- [What to work on] Retype exactly the stretch of lines that begins at the line containing "CORRALON SOBRE AV. TEJEDOR. LOTE DE 433M2!" and ends at the last line of the data, with no other lines.

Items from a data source
#####

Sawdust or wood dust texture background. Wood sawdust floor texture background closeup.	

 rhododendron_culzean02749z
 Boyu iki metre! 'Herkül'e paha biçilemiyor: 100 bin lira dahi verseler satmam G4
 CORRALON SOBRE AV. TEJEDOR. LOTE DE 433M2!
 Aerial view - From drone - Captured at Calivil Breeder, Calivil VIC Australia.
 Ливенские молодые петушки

#####

- [Answer to the problem]
 CORRALON SOBRE AV. TEJEDOR. LOTE DE 433M2!
 Aerial view - From drone - Captured at Calivil Breeder, Calivil VIC Australia.
 Ливенские молодые петушки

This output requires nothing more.